5-ALA, PDT offer option for cystic acne

July 1, 2005

Aventura, Fla. — Photodynamic therapy (PDT) with 5-aminolevulinic acid (ALA, Levulan, Dusa Pharmaceuticals) and activation by pulsed dye laser energy, blue light or the sequential combination is an effective and safe treatment for moderate to severe cystic acne.

"We've come up with treatment algorithms that are more and more effective, require minimal patient downtime, and have virtually no risk for systemic side effects," says Mark Nestor, M.D., Ph.D. "The Levulan incubation time is 30 to 60 minutes, and we see long-term (two year) clearing in 60 percent of our patients."

Dr. Nestor described the ALA-PDT technique at the Masters of Pediatrics Conference in Miami. He is in private practice in Aventura, Fla., and is clinical associate professor of dermatology and cutaneous surgery, University of Miami School of Medicine, Miami.

"We use ALA-PDT primarily in patients with significant acne," he says. "We perform a series of three treatments, two to three weeks apart, and we start seeing results within the first two to three weeks. Some patients need more than three treatments. Those who get better but not clear can be treated again and with other light sources. We've had success with Levulan in these cases."

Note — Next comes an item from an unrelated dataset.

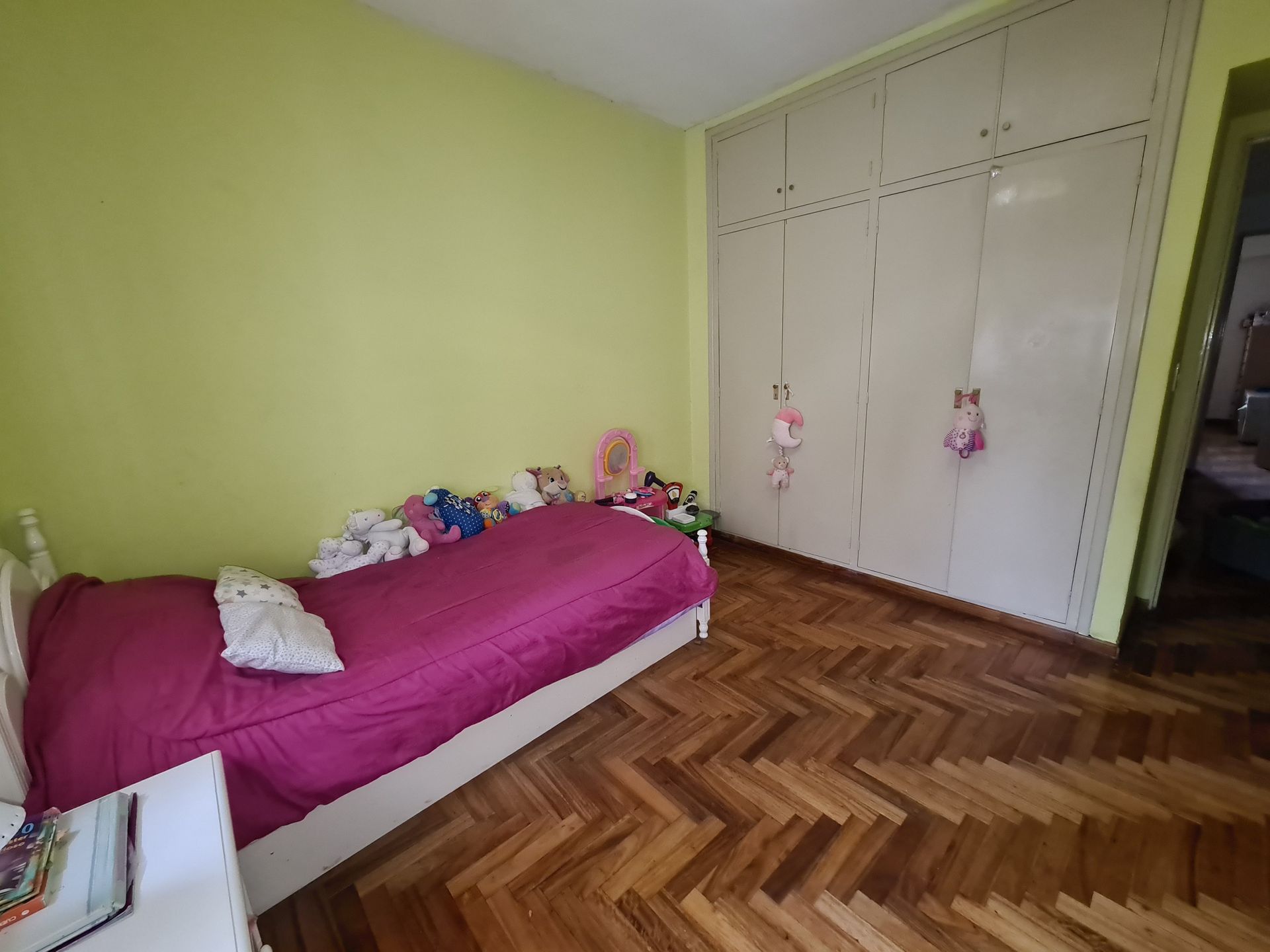 Venta duplex 3 ambientes con jardín Olivos - 11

Levulan with blue light can be used successfully in patients with all skin types, he adds.

When treating cystic acne by ALA-PDT, Dr. Nestor uses the PhotoGenica V-Star Pulsed Dye Laser (Cynosure) at 595 nm followed by blue light.

"The pulsed dye laser has innate activity with acne," he says. "The effect is augmented by adding Levulan to the treated sites first. The short pulses activate the protoporphyrin IX, the photosensitive product that forms when Levulan is absorbed." Dr. Nestor recently obtained excellent results when he used the GentleWave LED photomodulation device run in the continuous mode for activation.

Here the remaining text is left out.